この構想には、総工費80億ドルを投じた新たな精製所の建設、既存の精製所の改修、減少する原油生産の回復などが含まれていますが、これを遂行する会社ペメックスの巨額の負債が問題になっています。

今、格付け機関は、費用のかかる上記計画を警戒し、ペメックスの社債に対する評価を「ジャンク」に引き下げると警告しています。

ペメックスの上記事業は国家プロジェクトなので、ペメックスの格付けが下がり、その遂行が危ぶまれるとメキシコ国債の評価にも関わります。

フィッチやS&Pは、ペメックスの評価を切り下げて見通しはネガティブとしました。

ペメックスの長期対外債務格付けはフィッチが「BBB-」、ムーディーズが「Baa3」で、いずれも、ジャンク級の1つ上に当たります。

主要格付機関3社のうち2社がジャンク級に格下げした場合、同社の社債を売却せざるを得なくなる機関投資家は多いと予想されます。
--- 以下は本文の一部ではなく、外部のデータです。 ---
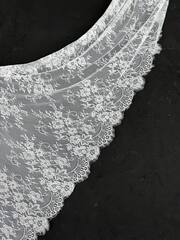Кружево шантильи для белья теплое белое широкое неэластичное ширина 70 см купон 2,9 м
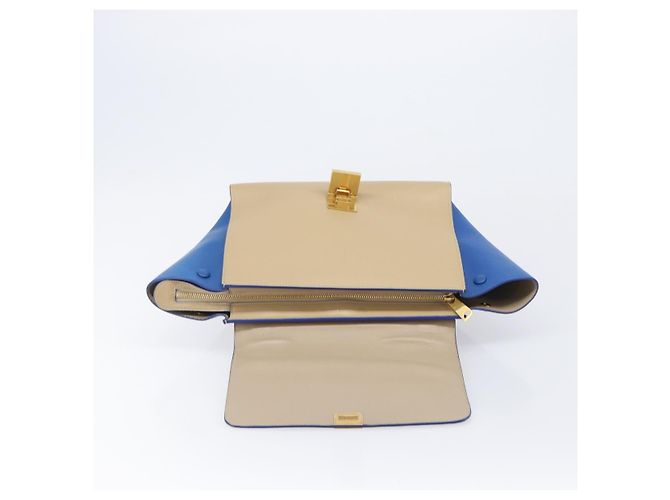 Céline CELINE Trapeze Small Hand Bag Leather 2way Beige Blue Auth bs37085A Azul - vista 10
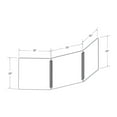 thumbnail image 2 of Medium 60" wide x 20" high Clear Acrylic Tri Fold PLEXIGLASS Protective Shield, Sneeze Guard, Personal Barrier, adjustable heights for pass through on the bottom, 2 of 6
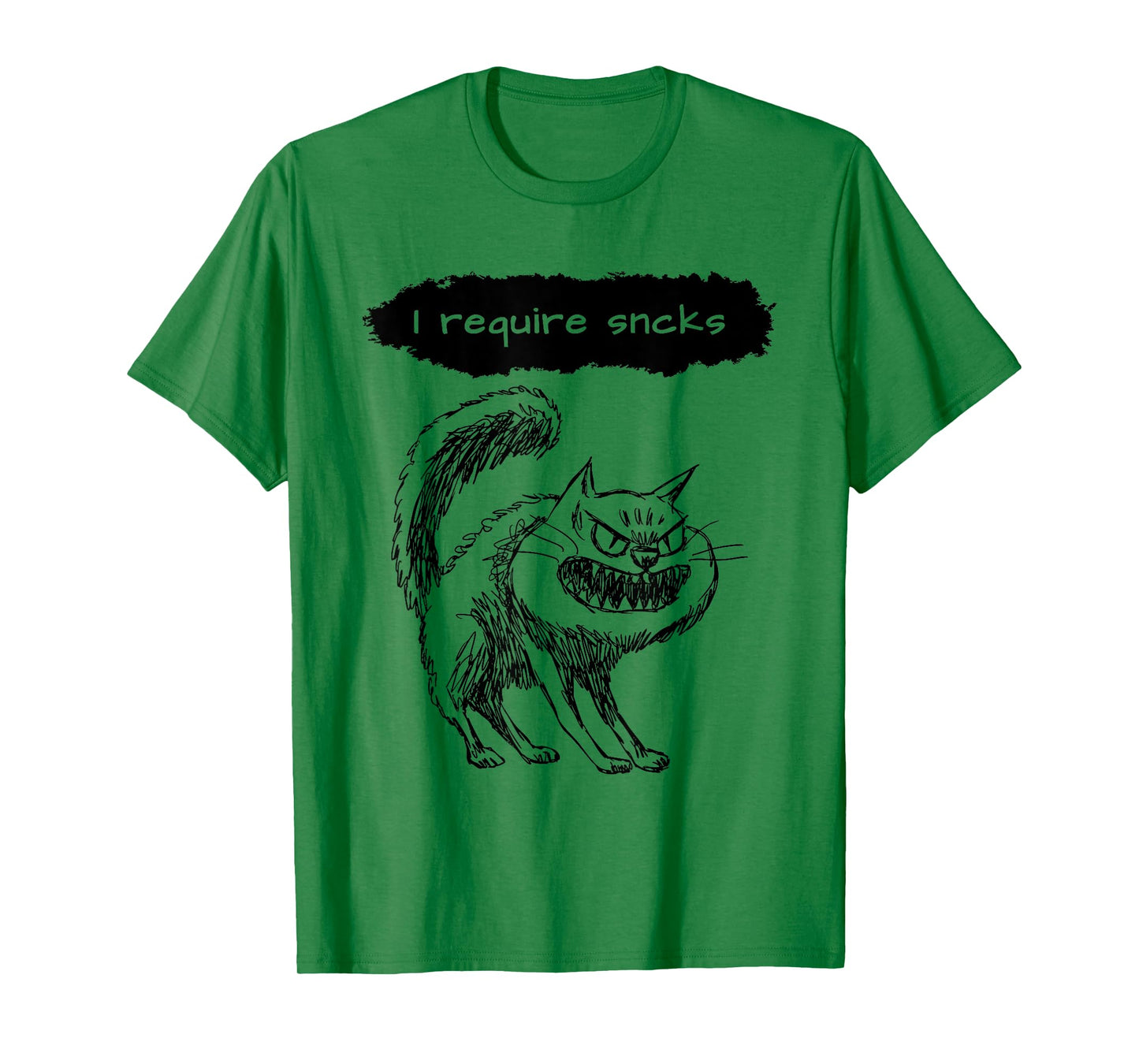 Mens I Require Snacks Funny Cat Meme for Snack Lovers T-Shirt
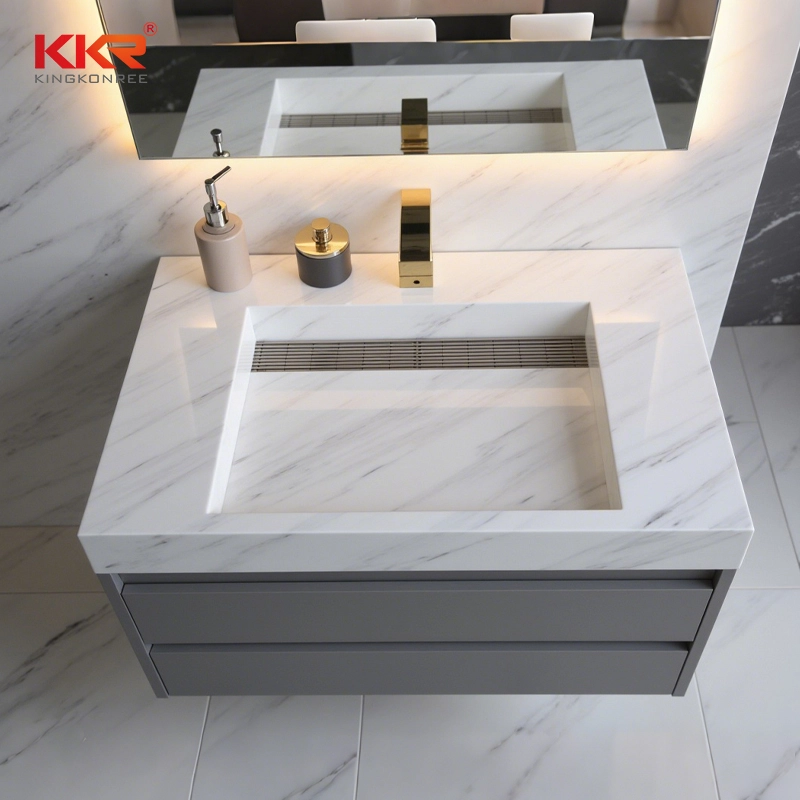 Luxury Hotel Custom Wall Mounted Marble Vanity Sink Modern Wash Basin for Bathroom KKR-M8902 1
その場合、あるレポートでは830億ドル相当のペメックス社債のうち、160億ドル分が放出されるという事です。

メキシコ政府は2019年5月13日、ペメックスの負担軽減に向け

  • 段階的な減税、
  • 25億ドル規模の債務リファイナンス、
  • 銀行3行による既存与信枠の拡大

等の対策を発表しました。

ただ、どれもマーケット関係者の懐疑的な見方を払しょくする事はありませんでした。

前政権によって実現した、外資にも開かれたエネルギー市場自由化の流れは、ロペスオブラドール大統領によって完全に中断されてしまいました。

同大統領は2019年5月、民間事業者では要求通りの予算や3年の期限を守れないとして、新たな精製所はペメックスが建設することになると発表しました。

因みに、その精製所は大統領の地元、タバスコ州に建設される予定です。

ムーディーズはこの決定を批判し、計画よりも工期が延び、コストも50%超過する恐れがあると警鐘を鳴らしています。

ただ、国民の石油ナショナリズムをたきつけて、とにかく人気取りに邁進するしか、今の政権には頭にないのかもしれません。